Störenfriede in der Politik Vorschlag zu einer Typologie

Von Dieter Thomä

Einer der berühmtesten Werbespots aller Zeiten ist Apples »Think Different«-Kampagne von 1997. Gefeiert werden darin die »Verrückten, Außenseiter, Rebellen und Störenfriede«, die »denken, sie könnten die Welt verändern«, und dies dann tatsächlich schaffen. Als Beispiele werden u.a. Thomas Alva Edison, Albert Einstein, Martin Luther King und Bob Dylan angeführt. Die ehrwürdige Vorgeschichte dieses Werbespots reicht zurück zu John Stuart Mill, der die »exzentrisch[en]« Menschen als »Salz der Erde« feierte, zu Henry David Thoreau, dem Vorkämpfer des »zivilen Ungehorsams«, Fürsprecher der »Extravaganz« und Verächter der »Hirnfäule«, sowie zu Georg Christoph Lichtenberg, der es für »fast unmöglich« hielt, »die Fackel der Wahrheit durch ein Gedränge zu tragen, ohne jemandem den Bart zu sengen«.[1] Und zur Nachgeschichte der Apple-Werbung gehören die allgegenwärtigen Appelle, Disruption oder Kreativität zu fördern.[2]
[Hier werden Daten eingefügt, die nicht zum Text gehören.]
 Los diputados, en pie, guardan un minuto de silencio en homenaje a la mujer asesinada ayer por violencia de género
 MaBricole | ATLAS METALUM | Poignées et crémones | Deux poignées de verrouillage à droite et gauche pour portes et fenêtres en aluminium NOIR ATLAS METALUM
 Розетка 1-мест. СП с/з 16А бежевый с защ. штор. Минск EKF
Im Phänomen des Störenfrieds verbirgt sich tatsächlich ein Lebensthema der menschlichen – zumal der modernen, freiheitlichen, dynamischen –
Gesellschaft. Doch wird man diesem Thema nur gerecht, wenn man den Silicon-Valley-Kitsch beiseitelässt. Dann merkt man, dass Störenfriede sehr unterschiedliche Gesichter zeigen, und steht vor der lohnenden, paradox anmutenden Aufgabe, sich Überblick über Strategien der Störung, der Abweichung und des Widerstands zu verschaffen. […]

Anmerkungen

[1] John Stuart Mill, Über die Freiheit, Stuttgart 1988, S. 89 u. S. 93; Henry David Thoreau, Über die Pflicht zum Ungehorsam gegen den Staat und andere Essays, Zürich 1973, S. 11 ff.; Ders., Walden oder Leben in den Wäldern, Zürich 1971, S. 315 f.; Georg Christoph Lichtenberg, Schriften und Briefe, Bd. 2: Sudelbücher II, Materialhefte, Tagebücher (hg. von Wolfgang Promies), München 1971, S. 135.
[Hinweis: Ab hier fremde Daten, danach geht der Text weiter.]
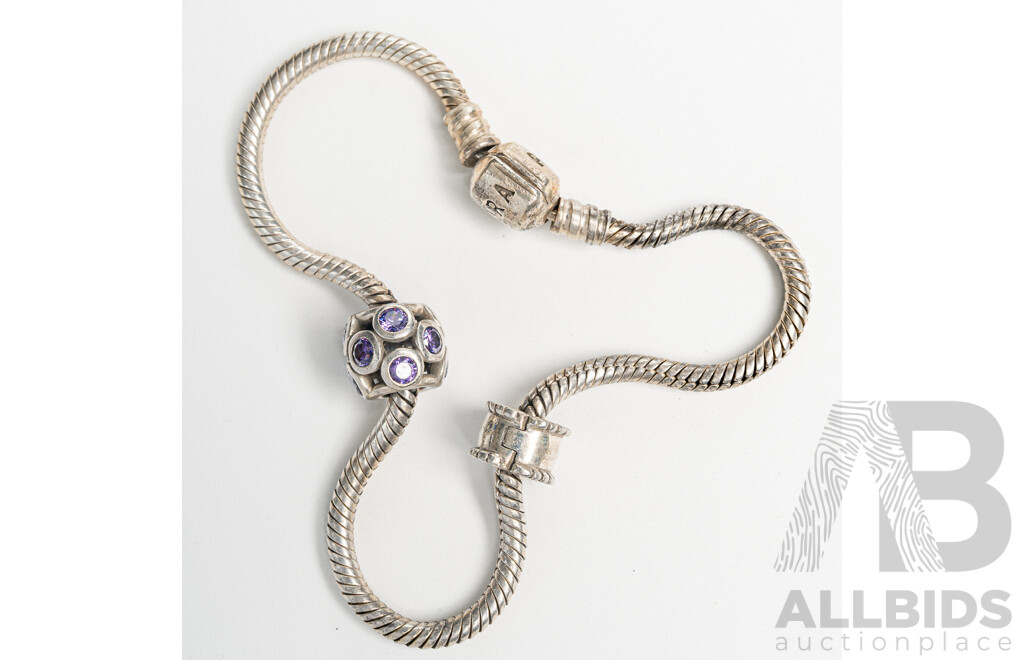 Pandora Moments Sterling Silver Snake Chain Bracelet, 21cm with (2) Charms, 19.10 Grams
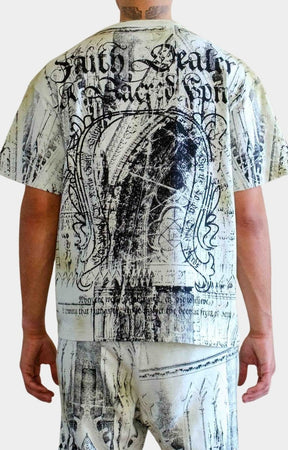 Back view of First Row Faith Dealer Sanctuary tee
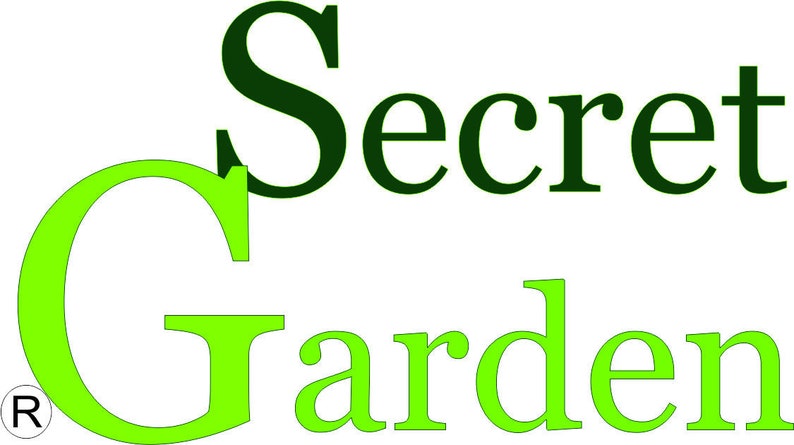 May include: The words "Secret Garden" in a stylized font. The word "Secret" is in a dark green color, while "Garden" is in a bright green. The letter "G" in "Garden" is large and stylized.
[2] Zur Kontroverse um Disruption vgl. Clayton M. Christensen u. Michael Overdorf, Meeting the Challenge of Disruptive Change, in: Harvard Business Review, H. März–April/2000, S. 66–76; Jill Lepore, The Disruption Machine, in: New Yorker, 23.06.2014, URL: http://www.newyorker.com/magazine/2014/06/23/the-disruption-machine [eingesehen am 31.01.2016]. Zur Kritik der Kreativität vgl. Dieter Thomä,
Ästhetisierung, in: Volker Steenblock (Hg.), Kolleg Praktische Philosophie, Bd. 3: Zeitdiagnose, Stuttgart 2008, S. 133–166, hier S. 162 ff.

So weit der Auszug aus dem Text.